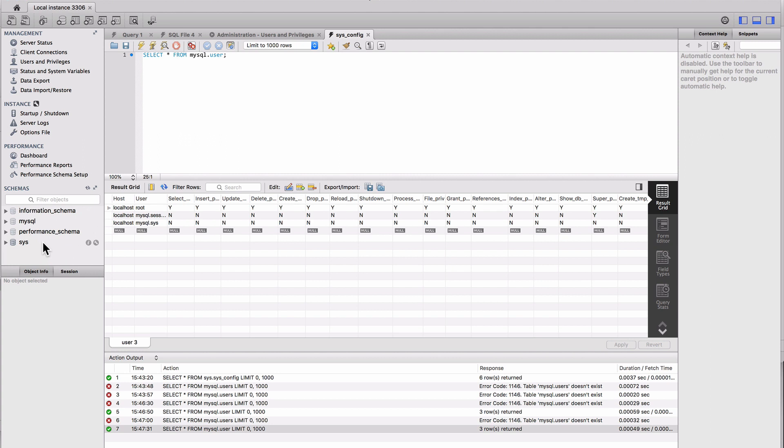Going forward in the course, we will be creating our own schemas and populating data in those and using those. I will show you how to do this step by step coming up in the course.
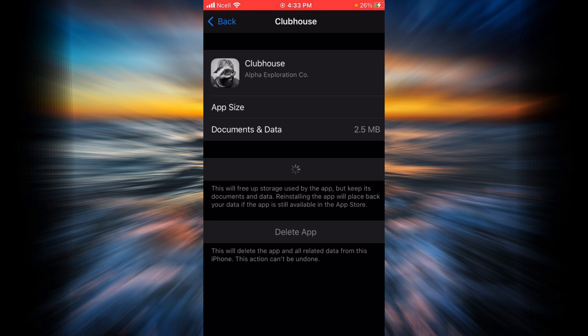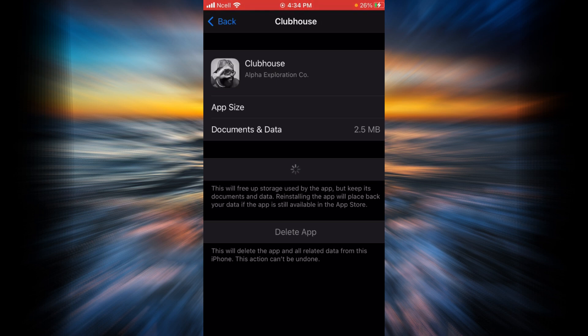You have to remember that it is going to take some time to reinstall Clubhouse. Now as you can see Clubhouse is successfully reinstalled. Go ahead and try logging in again.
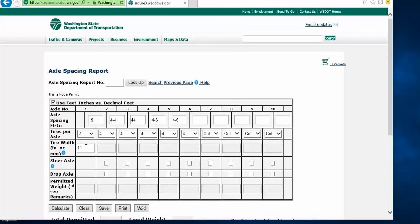After you have the tires per axle and the tire sizes entered, you will check the tiny box for any drop axle you may have. If that drop axle is self-steering, then you will need to check that box above the drop axle. If it is not self-steering, then leave it blank.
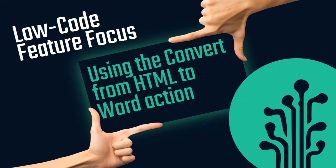In this low-code feature focus, we've showed how to use the convert from HTML to Word action. We started from a Word document, created an HTML version of the document, and uploaded it to our website. We used that as the template for our convert from HTML to Word, resulting in a Word document that we could download or use in other steps.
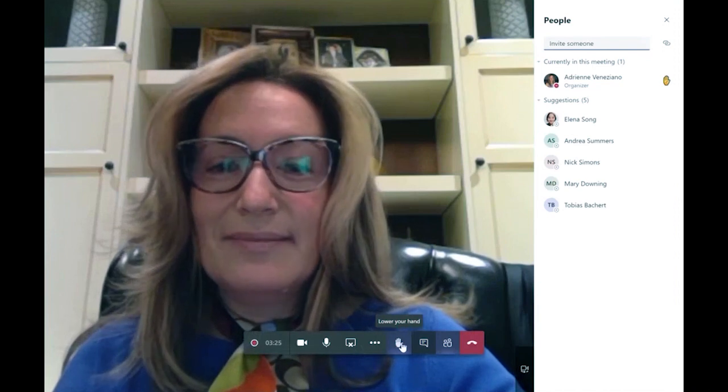At any point in time during the meeting, the teacher or the individual that has raised their hand can lower the hand.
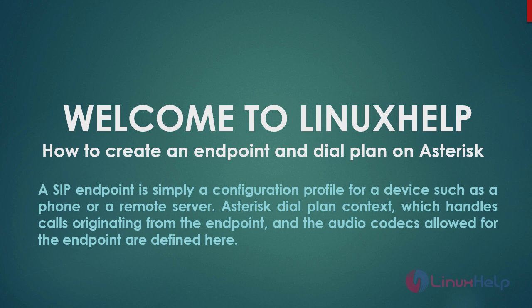Welcome to LinuxHelp. In this video section we are going to see how to create an endpoint and a dial plan on Asterisk.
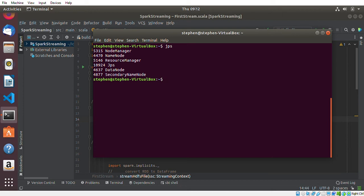What is going on everyone, my name is Stefan and today's video is about creating a JAR file and using Spark Submit to submit the JAR file.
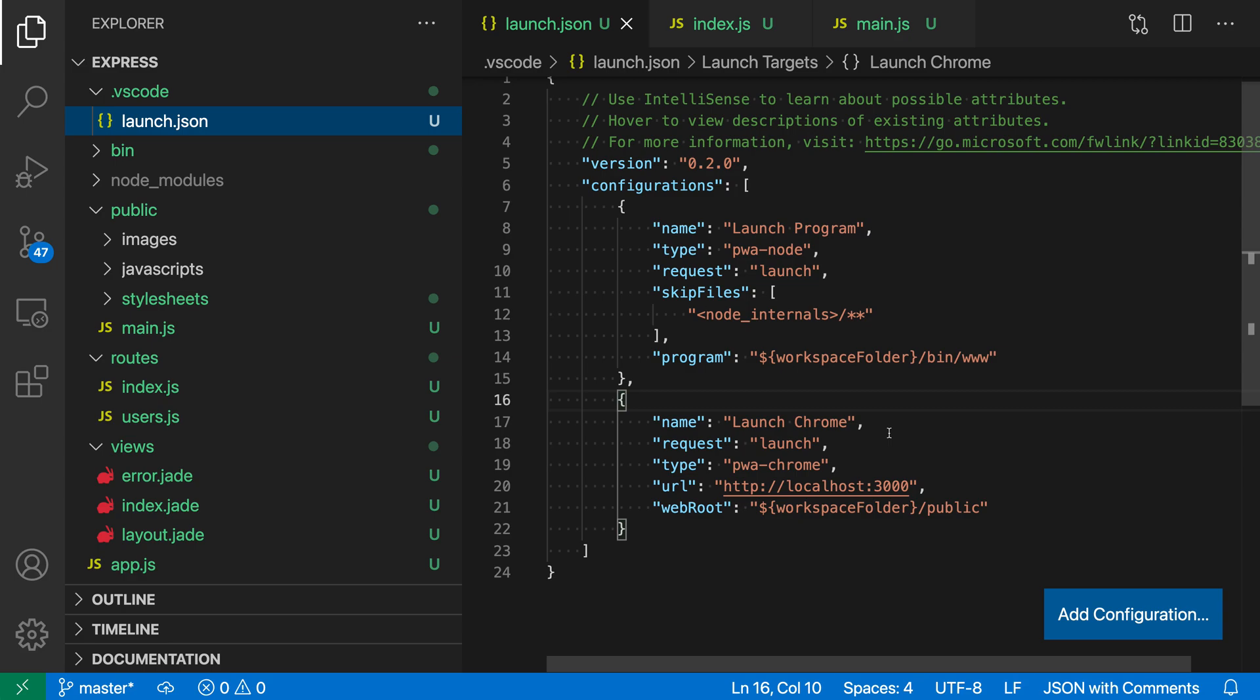You can use compound debug configurations to launch multiple debug targets at the same time. For example, you can use this to both start up and start debugging a server and then also debug the JavaScript that's served up on that server's web pages. Here I have a simple Express project, and let's say I wanted to debug both the Express application and the JavaScript it's serving up.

◆ ◆ ◆

▶ _Try it_: The lines needed run from the first line of the records through the line containing "What is going", both included. Restate them word for word, without pictures.

▶ _Your solution_:
Going forward in the course, we will be creating our own schemas and populating data in those and using those. I will show you how to do this step by step coming up in the course.
You have to remember that it is going to take some time to reinstall Clubhouse. Now as you can see Clubhouse is successfully reinstalled. Go ahead and try logging in again.
After you have the tires per axle and the tire sizes entered, you will check the tiny box for any drop axle you may have. If that drop axle is self-steering, then you will need to check that box above the drop axle. If it is not self-steering, then leave it blank.
In this low-code feature focus, we've showed how to use the convert from HTML to Word action. We started from a Word document, created an HTML version of the document, and uploaded it to our website. We used that as the template for our convert from HTML to Word, resulting in a Word document that we could download or use in other steps.
At any point in time during the meeting, the teacher or the individual that has raised their hand can lower the hand.
Welcome to LinuxHelp. In this video section we are going to see how to create an endpoint and a dial plan on Asterisk.
What is going on everyone, my name is Stefan and today's video is about creating a JAR file and using Spark Submit to submit the JAR file.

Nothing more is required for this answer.